12.08

【徹底解説】既存の防蟻剤は本当に安全か?歴史が教える「農薬系薬剤」のリスクと課題
現在、日本のシロアリ防除で一般的に使われている薬剤は、メーカーによって「安全性」が強調されています。しかし、その安全性の基準はあくまで「成人が摂取した場合」の急性毒性が中心であり、胎児や乳幼児への長期的な影響や、環境への負荷については議論が続いています。
これまでの防蟻剤の変遷と、現在主流の「ネオニコチノイド系」薬剤が抱える課題について、公的な資料や研究データを基に解説します。

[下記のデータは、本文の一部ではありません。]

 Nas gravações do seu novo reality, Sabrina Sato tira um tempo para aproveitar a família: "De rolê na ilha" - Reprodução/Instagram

1. 「安全」と言われていた薬剤が禁止されてきた歴史
日本のシロアリ対策の歴史は、より強い薬剤から、より安全とされる薬剤への移行の歴史でもあります。しかし、それは「問題が起きてから規制する」という後手後手の対応でした。
クロルデン(~1986年)
かつては「クロルデン」という強力な薬剤が使われていました。効果は抜群でしたが、分解されにくく環境中に長く残留するため、地下水汚染や発がん性などの健康被害が問題となり、1986年に使用が禁止されました。
クロルピリフォス(~2003年)
クロルデンの代替として普及したのが有機リン系の「クロルピリフォス」です。しかし、揮発した成分が室内の空気を汚染し、めまいや頭痛などを引き起こす「シックハウス症候群」や化学物質過敏症の主原因となりました。中毒事故も多発し、2003年の改正建築基準法で使用が禁止されました。

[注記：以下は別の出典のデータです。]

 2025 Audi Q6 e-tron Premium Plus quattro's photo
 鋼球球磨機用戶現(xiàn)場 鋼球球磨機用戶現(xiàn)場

このように、当時は「安全で効果的」とされていた薬剤が、後に深刻な健康被害を引き起こして姿を消してきた経緯があります。
2. 現在主流の「ネオニコチノイド系」の懸念点
現在、クロルピリフォスに代わって主流となっているのが「ネオニコチノイド系」や「フィプロニル」などの薬剤です。これらは成人に対する急性毒性は低いとされていますが、別のリスクが指摘されています。
① 発達期の脳への影響
東京都医学総合研究所の研究班は、2012年に「住宅の防蟻剤として大量に使用されているネオニコチノイド系農薬の発達期の脳に対する危険性」を指摘しています。 成人の腎臓では排出できても、代謝機能が未熟な胎児や乳幼児にとっては、微量であっても神経系の発達に影響を及ぼす可能性が懸念されています。
② 生態系への影響
ネオニコチノイド系農薬は、ミツバチの大量死や失踪(蜂群崩壊症候群)の一因と疑われており、EU諸国などでは使用が厳しく制限されています。
③ 揮発による室内汚染のリスク
これらの合成殺虫剤は有機化合物であるため、微量ながら揮発する可能性があります。高気密化が進んだ現代の住宅では、揮発した化学物質が室内に滞留しやすく、居住者が知らず知らずのうちに吸い込んでしまう「胎内暴露」や「複合汚染」のリスクが完全に払拭されているわけではありません。
3. 「5年で分解される」こと自体がリスク
安全性のために「5年程度で分解される」ように設計されている点も、住宅の耐久性という観点では大きなリスクとなります。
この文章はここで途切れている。